Thank you for any advice in advance.

I like the color and dynamic range I get with Epson velvet fine art paper for my landscapes and wanted to use it for my 17" roll feed on my Espon SureColor P800. However, they don't make that paper in rolls. I'm printing 17"x30" and longer for some pano's.
I bought the Canson discovery pack in 8.5x11 to test print on that using the correct icc profile for each paper that I can get in 17 inch rolls. I have found that using the icc profile for the paper I loaded - BKF Rives - it came out with less color (not as rich) and looks a bit flat with the detail, if that makes sense. However it was the new icc profile for this paper and I am using the old style paper, that might be a problem too?
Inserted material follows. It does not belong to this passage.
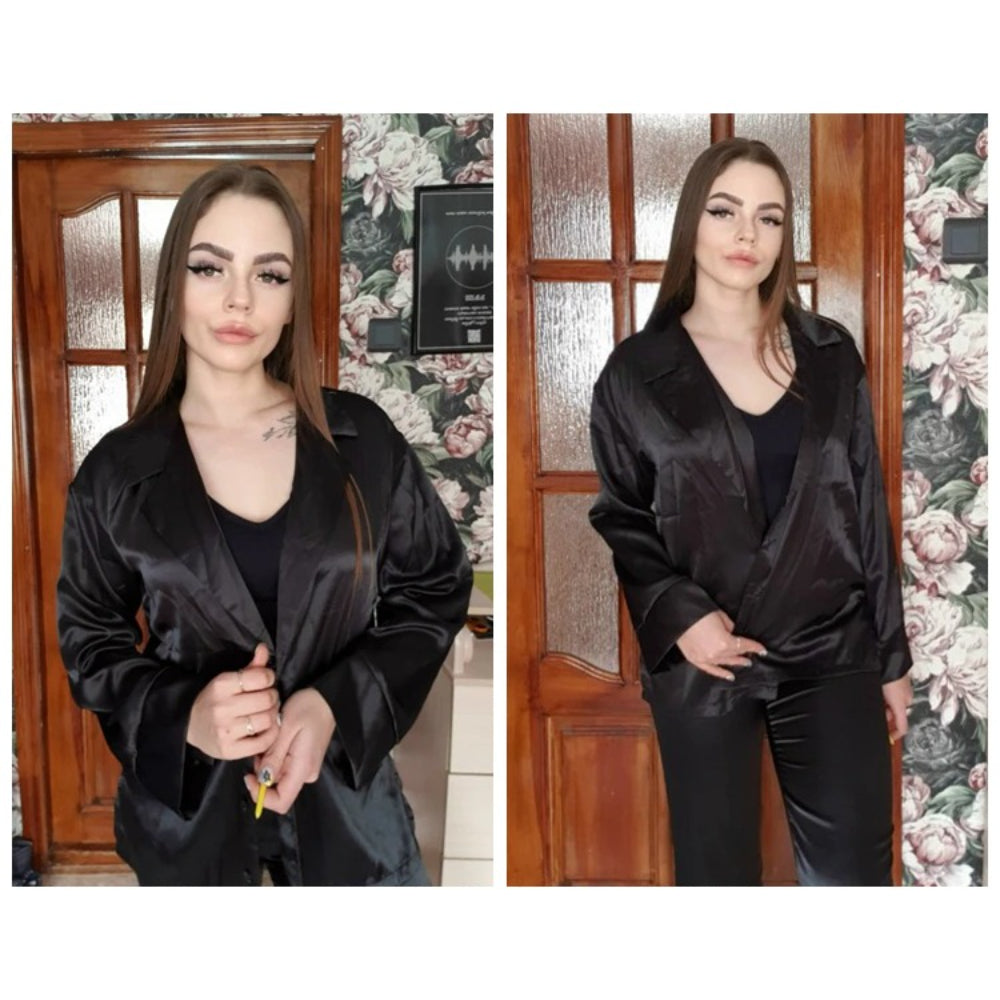 Women Long Sleeves Leg Pants Trouser Suits-Original Pajamas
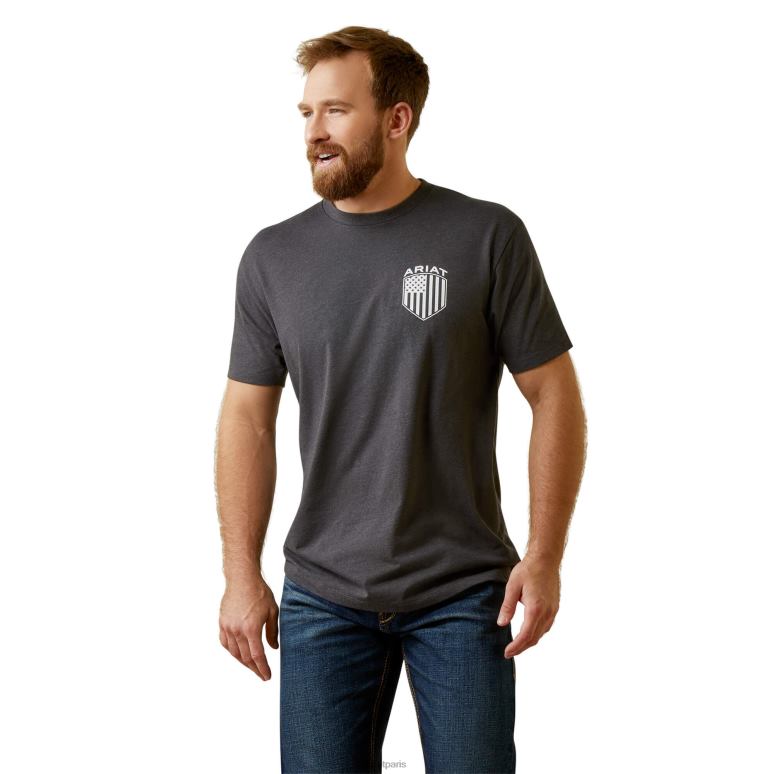 RJ66P927 t-shirt avec badge patriote Ariat hauts bruyère au charbon de bois Hommes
My question, can I use BFK Rives paper with the Epson Velvet fine Art paper icc profile instead of the BFK Rives icc profile to get that same look I like on the Epson paper? I don't understand why I am using a different icc profile for each paper I load? I have not used any other paper yet because I'm thinking of printing on the other rag test paper using the Epson icc profile instead. Is this a bad idea? I know rag papers vary with texture, color, thickness, etc and that will have an impact on the final look, so maybe this paper is "this look" and I need to test all papers with each correct icc profile before I jump to any conclusions.
I'm following RedRiver instructions to print using CS6 on my mac. I let Photoshop control the color using the icc profile and a few other options offered like black point compensation and match print colors when printing.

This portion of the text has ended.